2005-09-25 / / / / its scary

I saw it today,
I saw the way I comminicate, I wait..
I wait for the oher person to fill me in, and then I reply.
When I dont just ramble first.
And when they ramble, I take it in to serious, and listen really listen.
when I reply I over analize the situation, and am scared to say anything, Im just living by the way they talk.
I saw this by looking at cappy and I in the mirror, My face looked like I was waiting for him to say something, and he looked like he was waiting for me to say something! Then I started babbling about my room, and he seemed very happy and joined in the chatting.

I guess Thats me. the waiter.
So my update on nOahH
I'm so confused abouthim, this is the most confusing relationship in the world. I believe he must be equally confused. long distance relationships are strange.
I feel like I wantto know him and like him becuase hes out of my league, he seems like he would be a good catch.

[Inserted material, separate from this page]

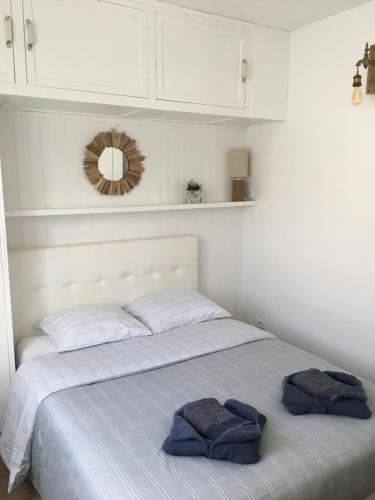 a bedroom with a bed with two towels on it at Villa L'Amiraute in Agde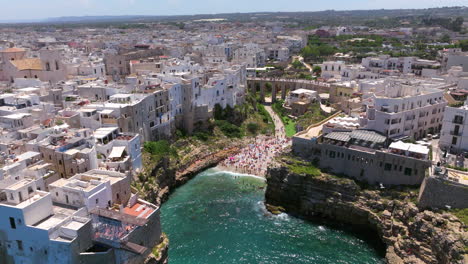 Overview-Of-People-Swims-On-Lama-Monachile-On-The-Coast-Town-Of-Polignano-a-Mare-During-Summer-In-Bari,-Italy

you know, the tall dark and hansom, mixed with a great personality and carisma, everyone likes him, and hes very confident,. Im almsot jealopus, he even has a good career and a car.
i guess he is 34. and hes a surfer. But my problem is Im not sure how much he likes me. but you know what how can we know if we like eachother or not? we only met once, and we live in different countrys.
I feel like I dont want to flirt with him in case hes just being nice to me becuase we had a oone night kinda thing. and he doesnt want to blow me off so i feel liek shit. but maybe thats all he wanted and hes just being nice by saying he wants me to go visit.
How can two people know they like eachother after one nice night?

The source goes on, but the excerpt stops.